An opportunity cost is an economic concept that recognizes that every decision we make has a cost associated with it. When I purchase a car for $20,000 the cost is really greater than $20,000 because I forgo the use of the $20,000 to either invest or purchase another item. If I choose to sleep late, I forgo the opportunity of using the time to do something else.
Many decisions we make have long-term implications. Attending college after high school is one. A few high school graduates are so skilled in an area that they would earn more by forgoing a college education. Does the difference in income justify the expense of attending school and the higher expected income? Download our free interactive exercise found in our lesson Opportunity Cost - The Cost of Every Decision (written in Excel). It is intended to help think through the process of choosing whether or not to attend college by examining your opportunity cost. (It is not intended to precisely calculate your opportunity cost.)

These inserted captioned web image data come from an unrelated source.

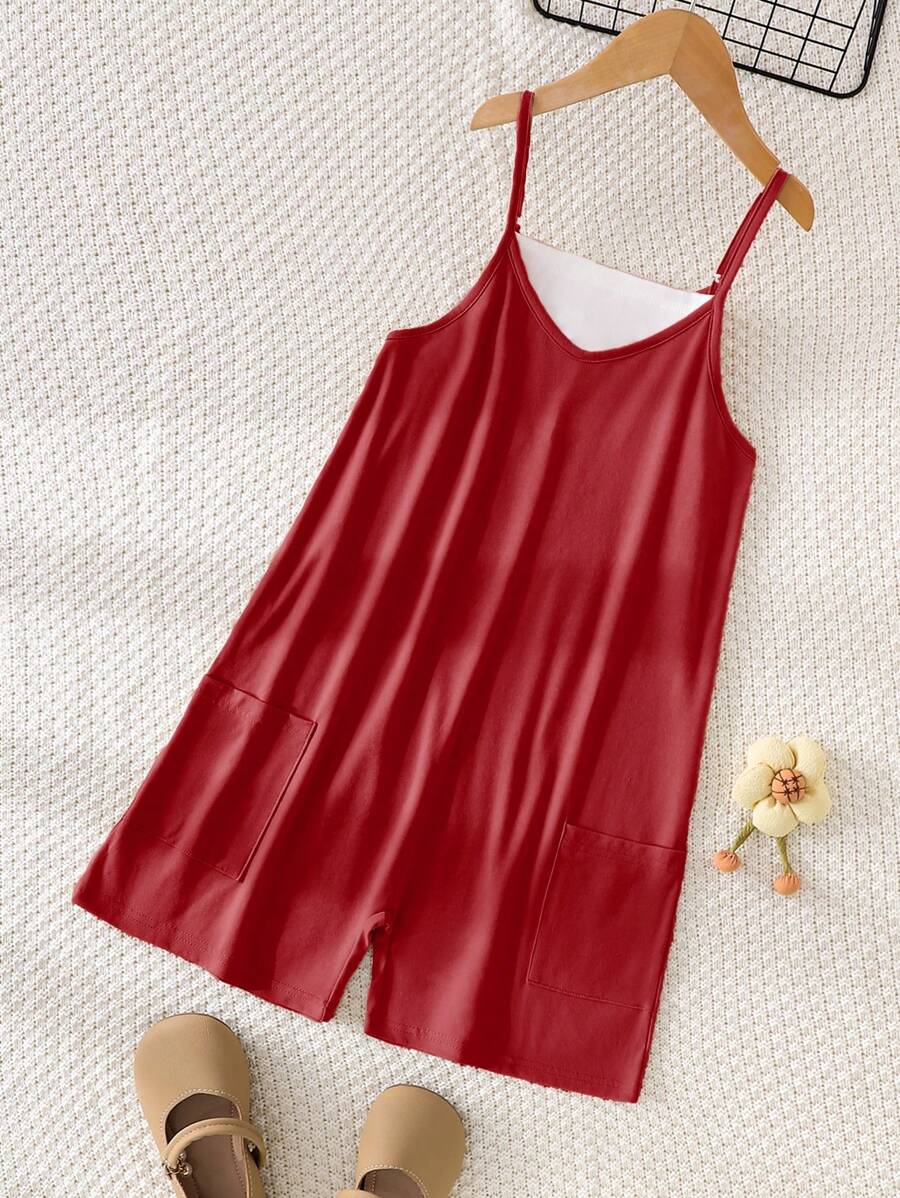 Mono de niña preadolescente con bloques de color y doble bolsillo para el verano - Rojo - Ver 1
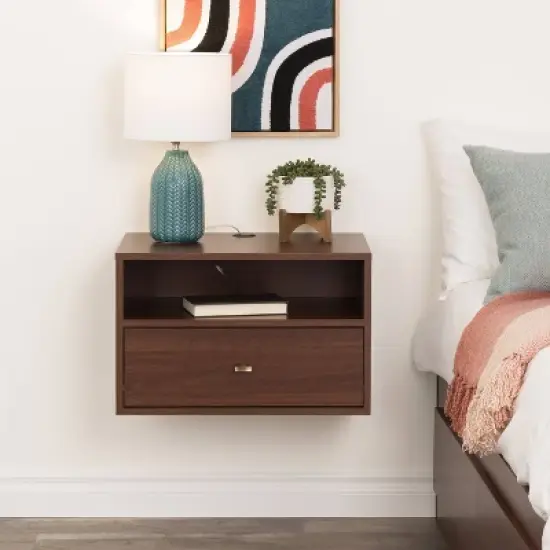 Floating 1 Drawer Nightstand with Open Shelf - Prepac image {2}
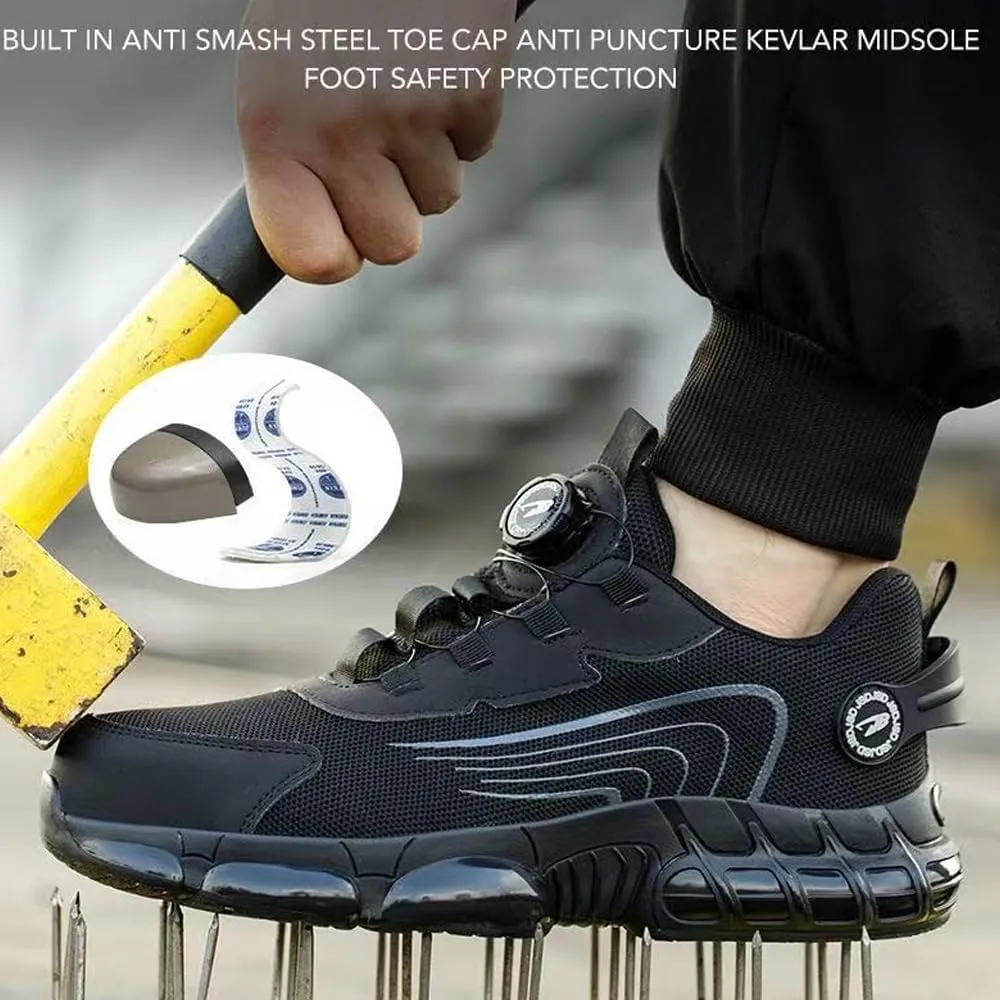 Nisza Prestivos Steel Toe Shoes Safety Work Shoes for Men, evontiras Steel Shoes Anti-Slip Lightweight Puncture Proof Steel Toe Sneakes Smash Stab Resistant Air Cushion Shoes,Style b,6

Smoking cigarettes is another decision that carries a very high opportunity cost. In addition to the cost of the cigarettes there are added insurance costs, health related expenses, lost income from missing work due to health issues, and the lost opportunity to invest the money spent on tobacco. The attached USA Today story estimates the cost of smoking could be as high as $2 million over a lifetime.
I am more responsible with my time and money when I consider the opportunity costs of decisions I make. I do less impulse buying, more research on investment options, and take a harder look at my priorities. I am happier because I am more confident in the decisions I have made. Ponder your opportunity costs, and the fact they go beyond the mere cost of an item you purchase or the time you spend doing something. I believe you will be glad you did.